(Task objective) Set down each line of the material that follows, exactly, with no pictures.

(Available data)

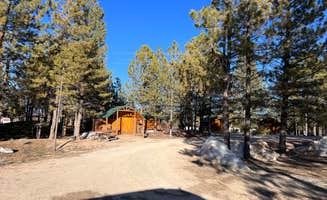 Tod S.'s photo of a cabin at Rubys Inn RV Park and Campground near Boulder, UT
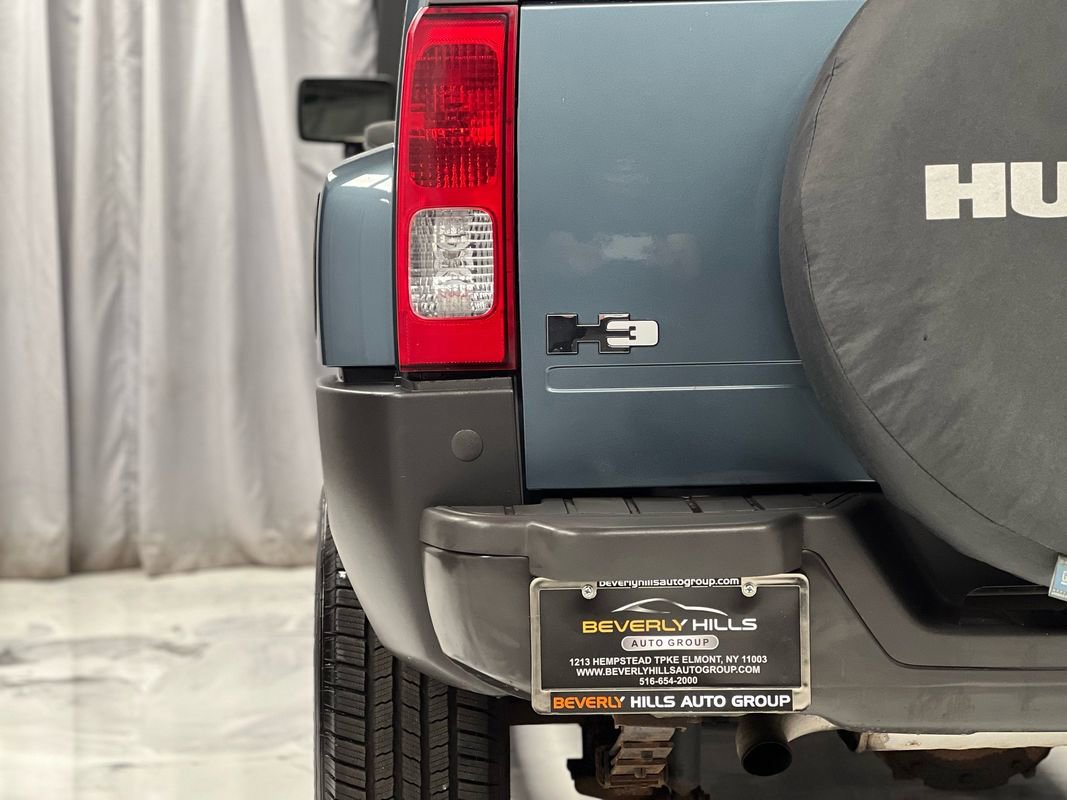 Used 2006 HUMMER H3 Luxury image 14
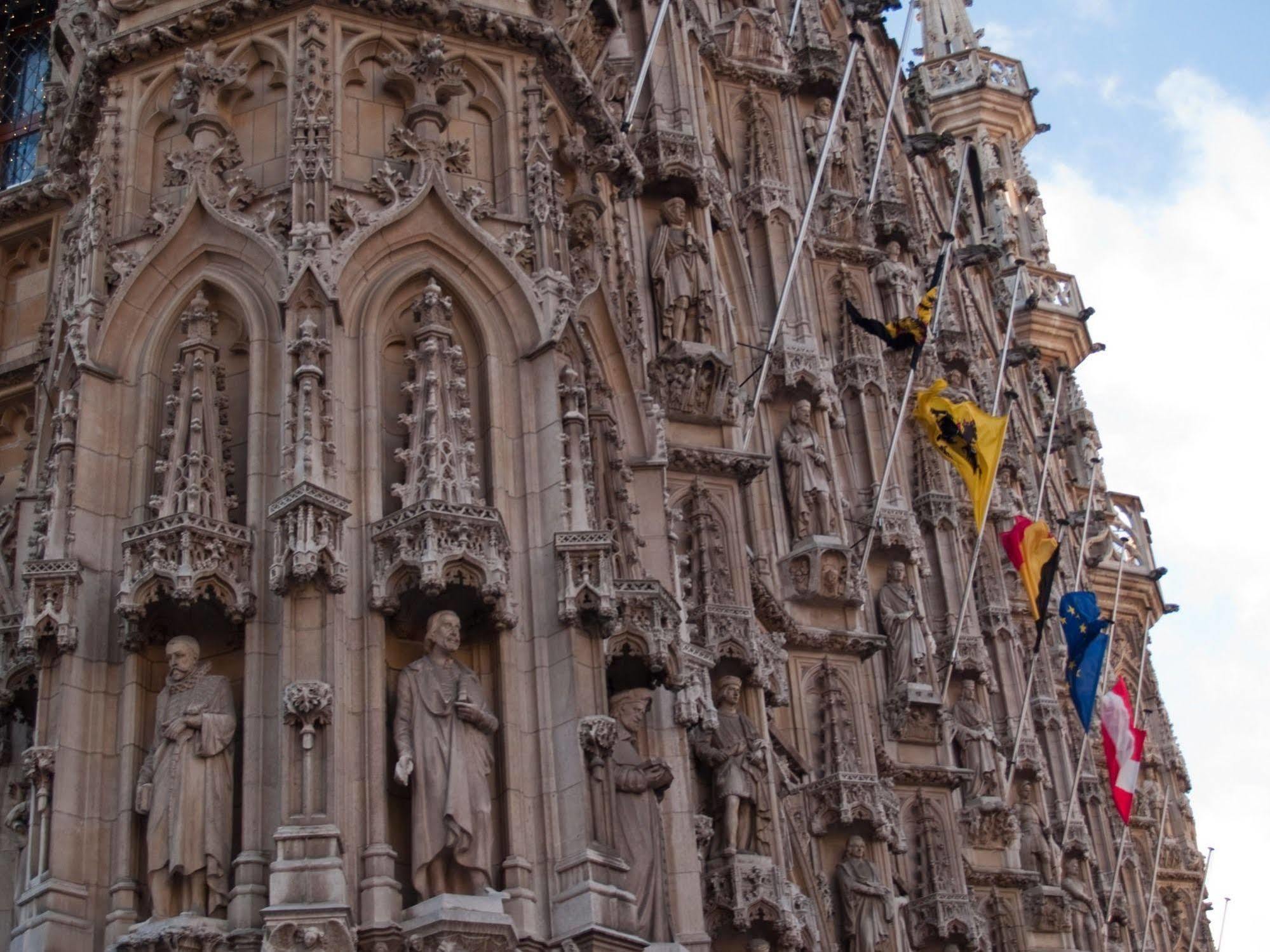 Hotel Malon Leuven Luaran gambar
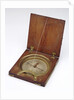 Diptych dial, leaves Ib and IIa by Henry Sutton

(Written solution)
 Tod S.'s photo of a cabin at Rubys Inn RV Park and Campground near Boulder, UT
 Used 2006 HUMMER H3 Luxury image 14
 Hotel Malon Leuven Luaran gambar
 Diptych dial, leaves Ib and IIa by Henry Sutton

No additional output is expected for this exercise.